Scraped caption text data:
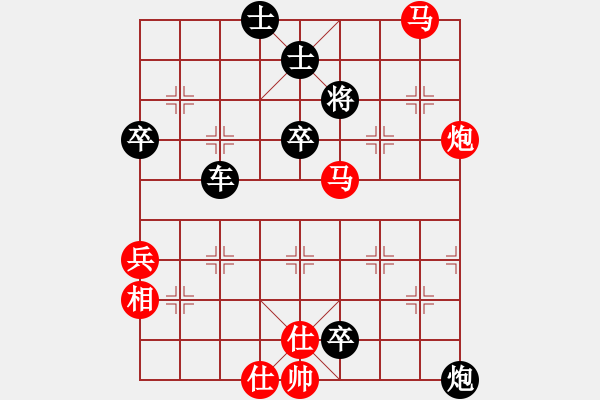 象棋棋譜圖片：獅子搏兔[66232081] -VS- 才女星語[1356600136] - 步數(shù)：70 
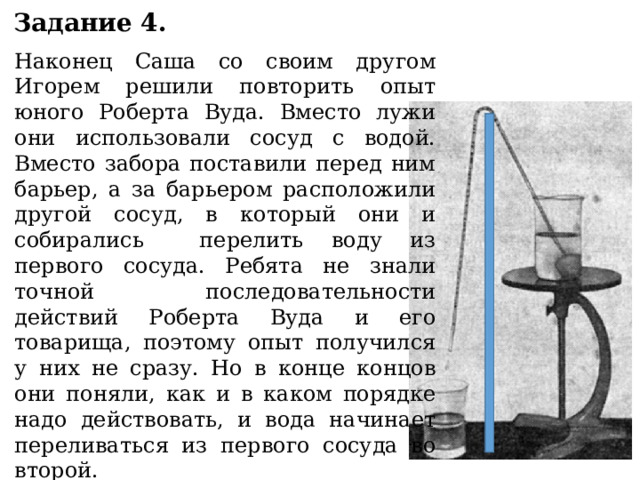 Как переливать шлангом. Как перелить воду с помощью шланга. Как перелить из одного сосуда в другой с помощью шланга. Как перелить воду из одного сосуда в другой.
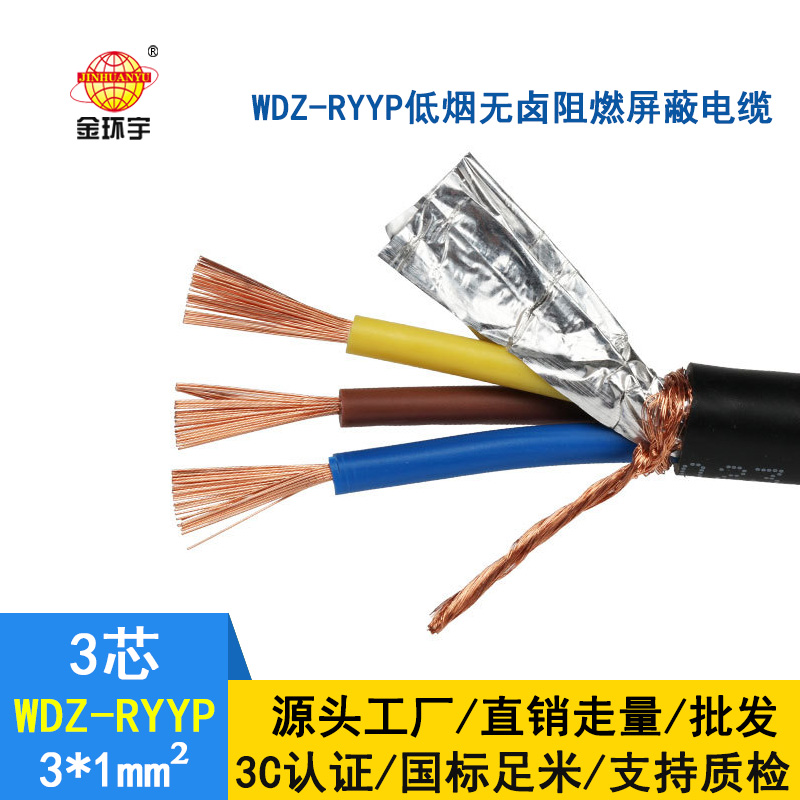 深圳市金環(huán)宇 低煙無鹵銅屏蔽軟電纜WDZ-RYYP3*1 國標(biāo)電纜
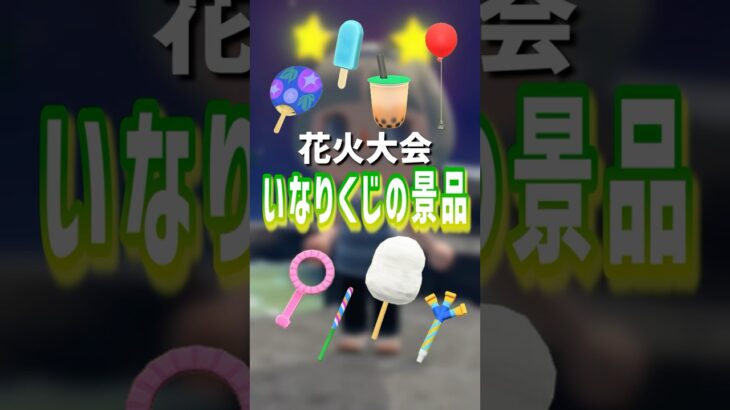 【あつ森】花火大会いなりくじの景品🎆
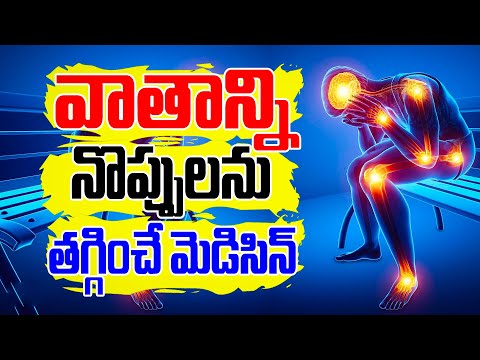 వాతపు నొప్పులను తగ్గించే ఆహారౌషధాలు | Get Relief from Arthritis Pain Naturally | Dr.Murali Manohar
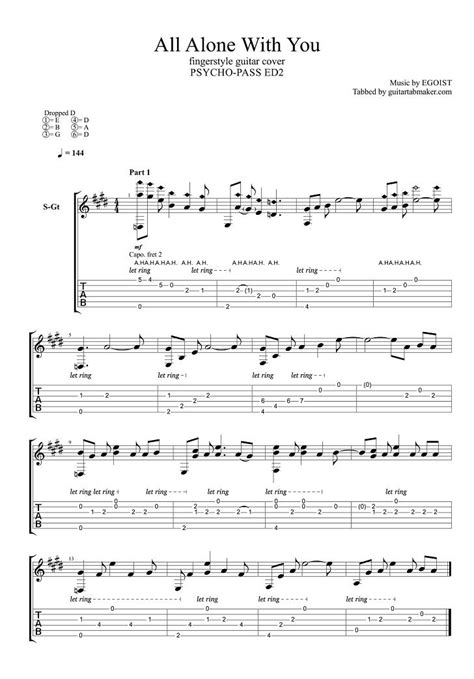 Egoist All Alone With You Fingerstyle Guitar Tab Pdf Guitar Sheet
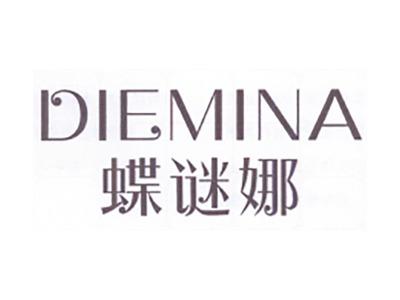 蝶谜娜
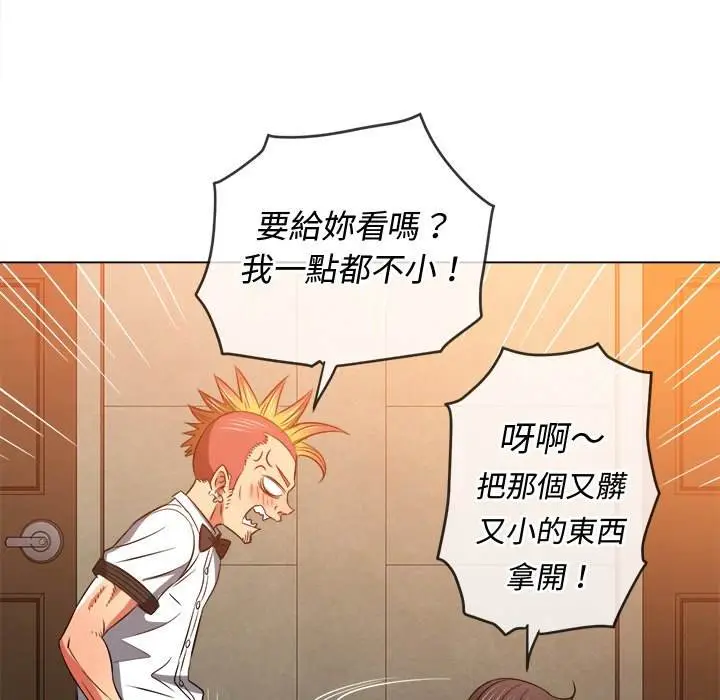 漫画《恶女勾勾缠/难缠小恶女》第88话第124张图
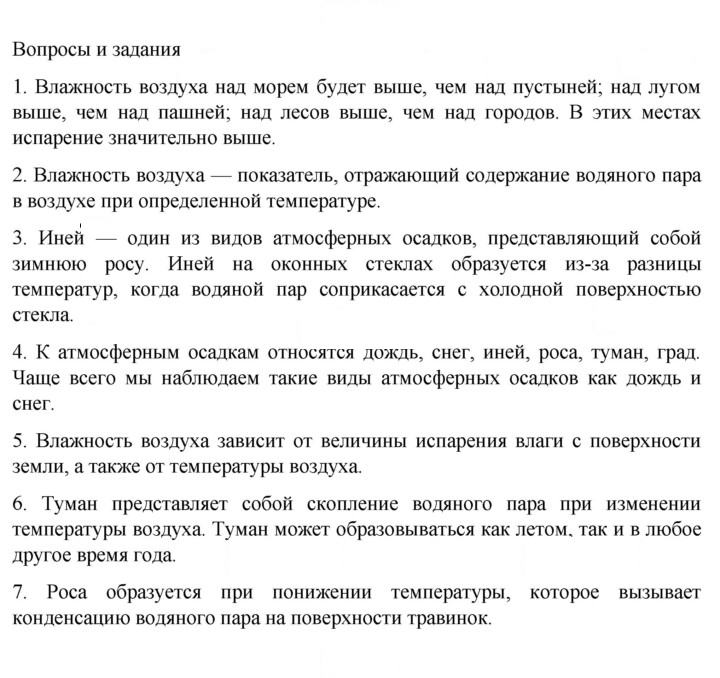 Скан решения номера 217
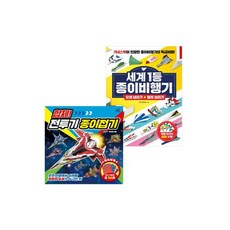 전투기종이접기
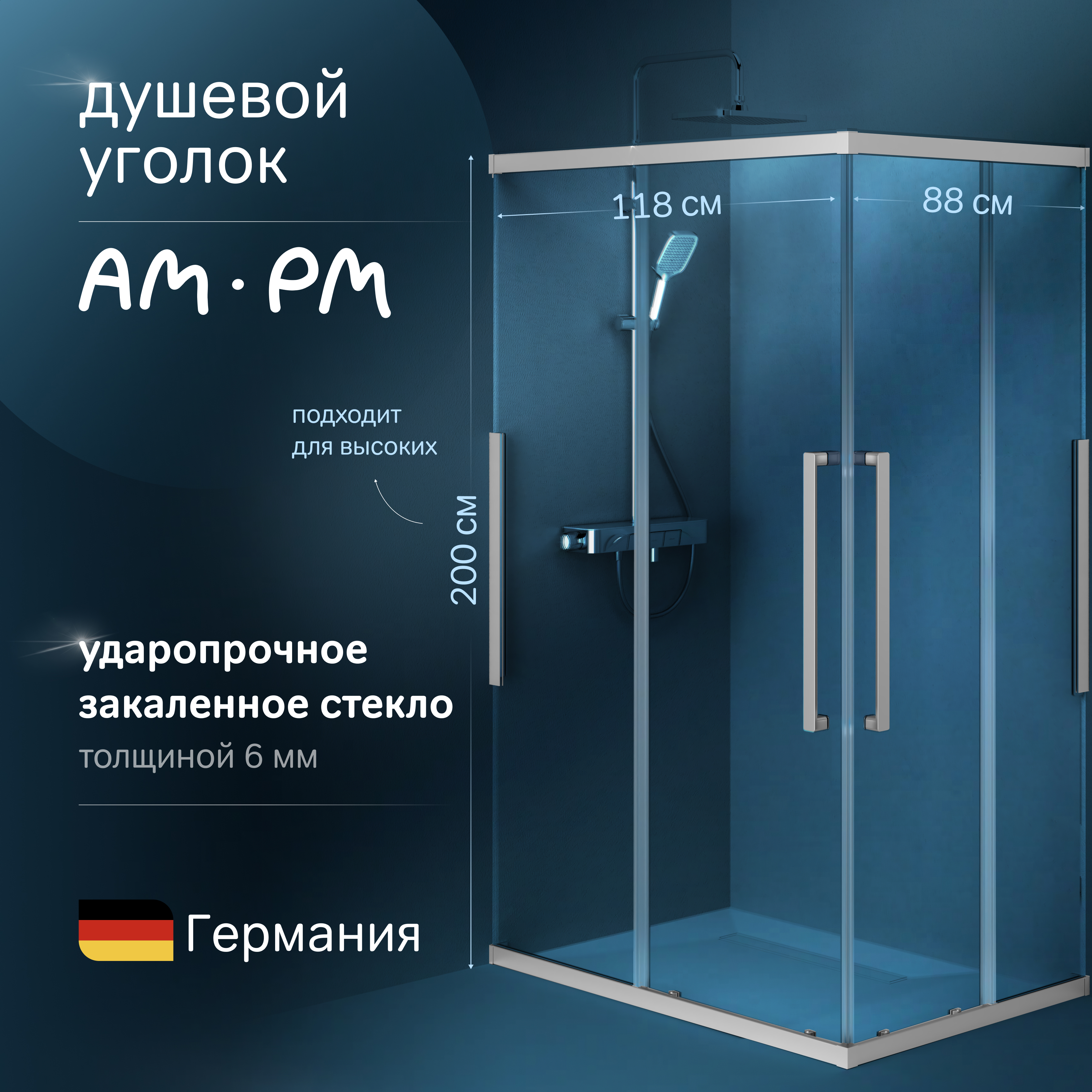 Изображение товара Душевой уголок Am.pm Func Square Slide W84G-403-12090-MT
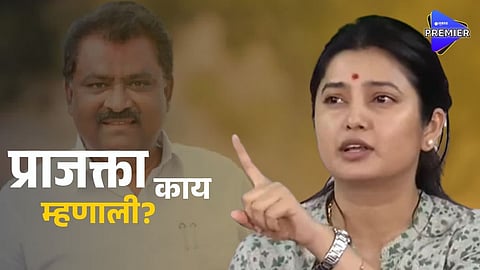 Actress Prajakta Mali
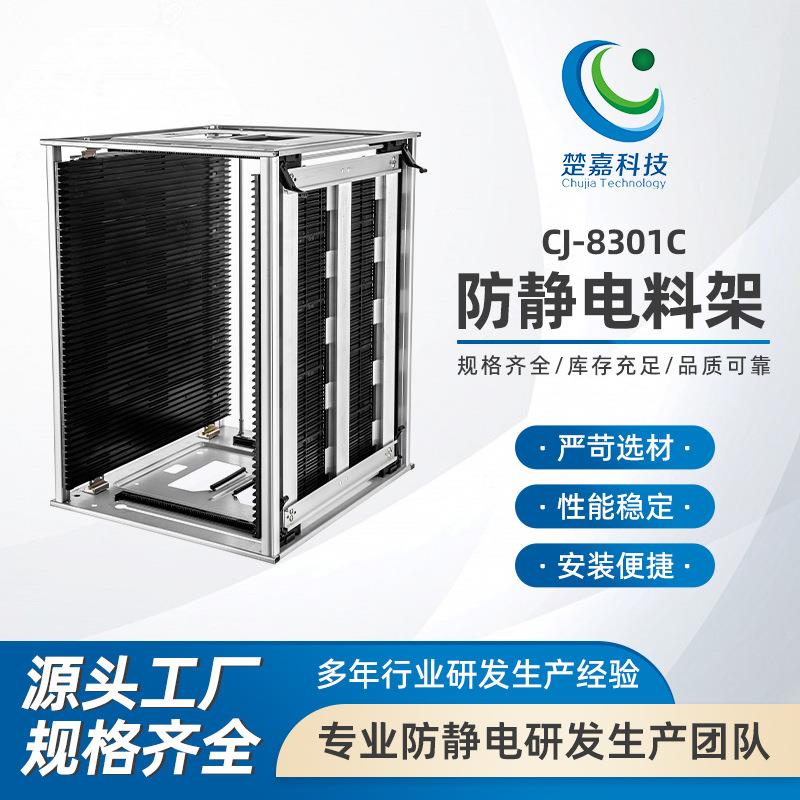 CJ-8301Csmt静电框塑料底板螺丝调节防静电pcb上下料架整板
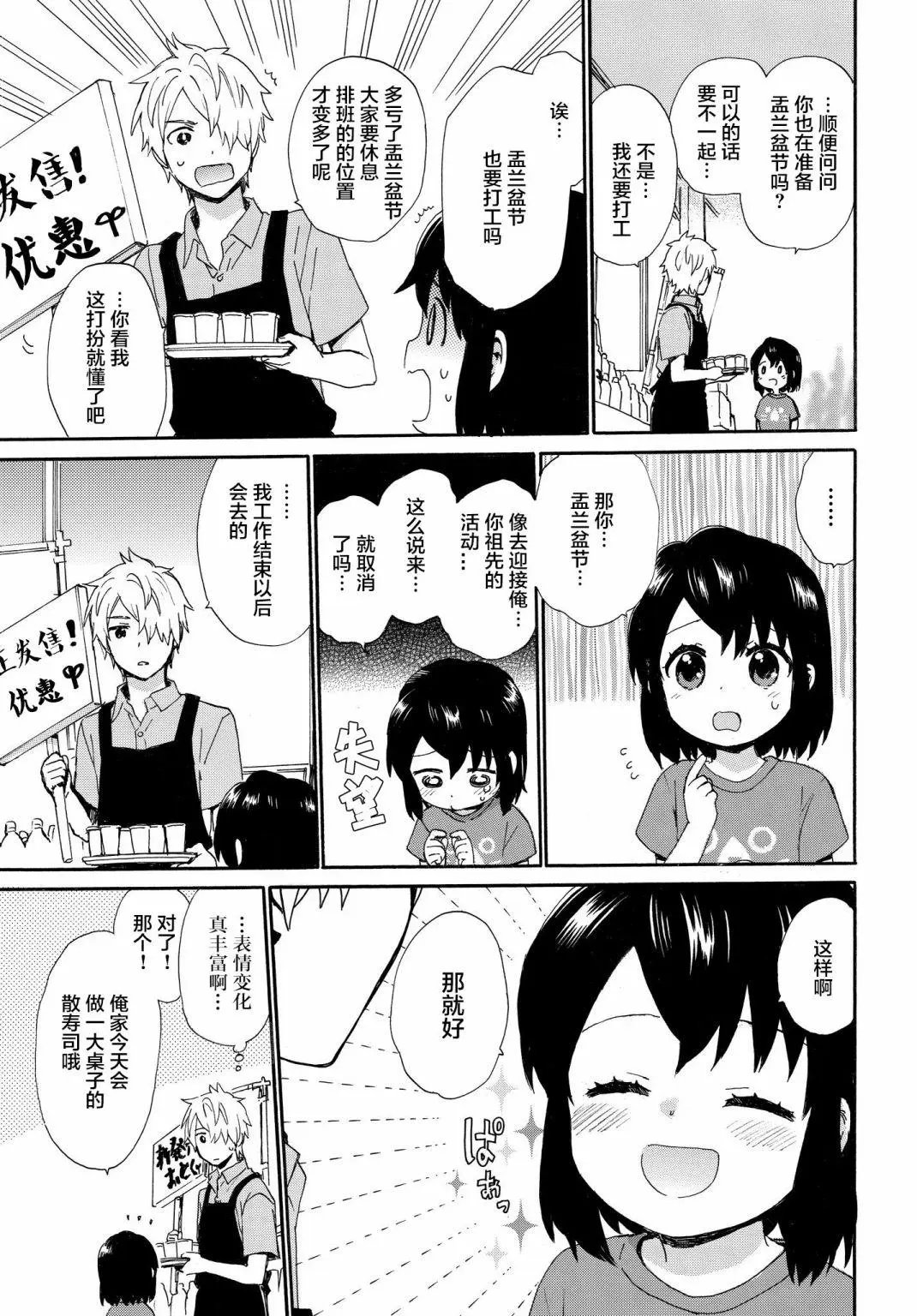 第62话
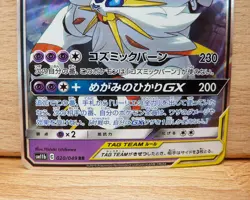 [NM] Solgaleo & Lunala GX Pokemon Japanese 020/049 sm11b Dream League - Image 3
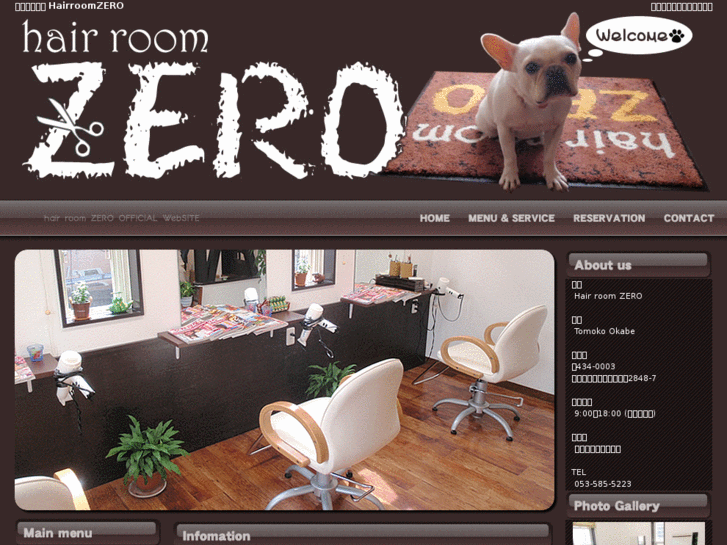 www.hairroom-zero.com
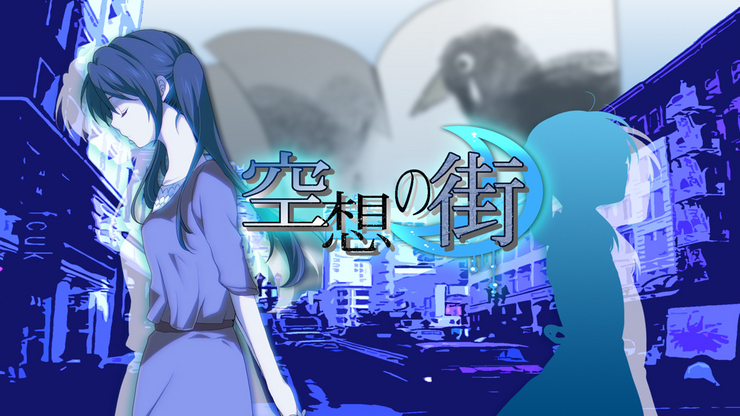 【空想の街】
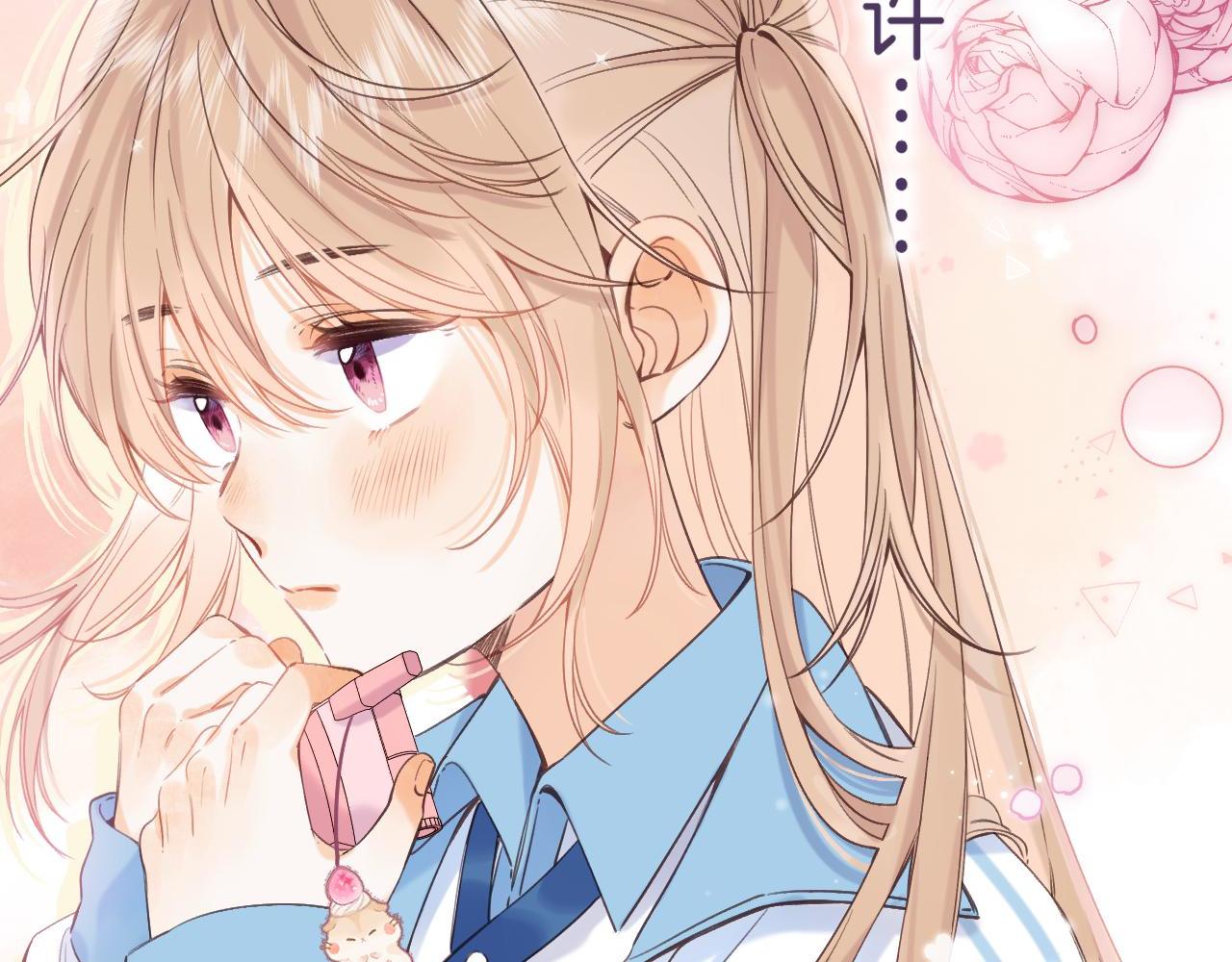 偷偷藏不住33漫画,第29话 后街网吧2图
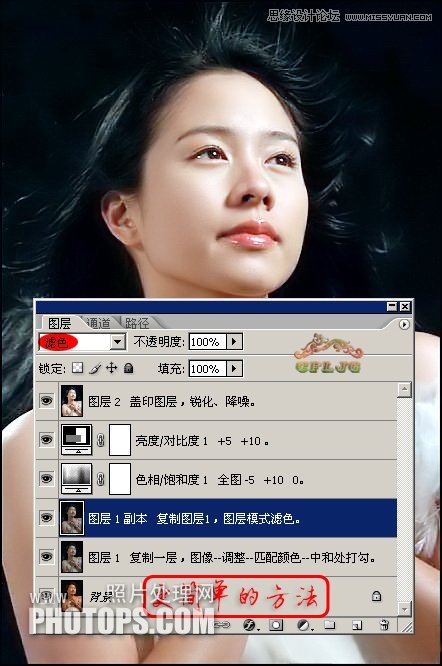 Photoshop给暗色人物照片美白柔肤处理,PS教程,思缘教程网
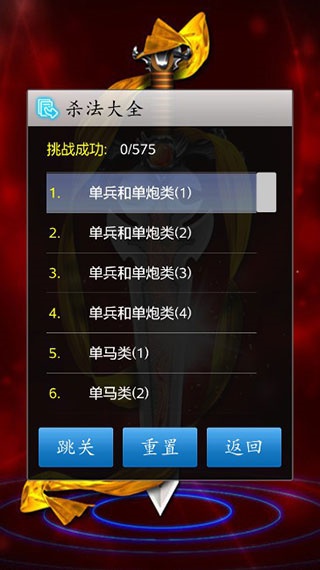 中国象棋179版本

**Required action**
Return word for word the line bearing "వాతపు నొప్పులను తగ్గించే" and every later line of the entries, but none of the pictures.

**Task result**
 వాతపు నొప్పులను తగ్గించే ఆహారౌషధాలు | Get Relief from Arthritis Pain Naturally | Dr.Murali Manohar
 Egoist All Alone With You Fingerstyle Guitar Tab Pdf Guitar Sheet
 蝶谜娜
 漫画《恶女勾勾缠/难缠小恶女》第88话第124张图
 Скан решения номера 217
 전투기종이접기
 Изображение товара Душевой уголок Am.pm Func Square Slide W84G-403-12090-MT
 Actress Prajakta Mali
 CJ-8301Csmt静电框塑料底板螺丝调节防静电pcb上下料架整板
 第62话
 [NM] Solgaleo & Lunala GX Pokemon Japanese 020/049 sm11b Dream League - Image 3
 www.hairroom-zero.com
 【空想の街】
 偷偷藏不住33漫画,第29话 后街网吧2图
 Photoshop给暗色人物照片美白柔肤处理,PS教程,思缘教程网
 中国象棋179版本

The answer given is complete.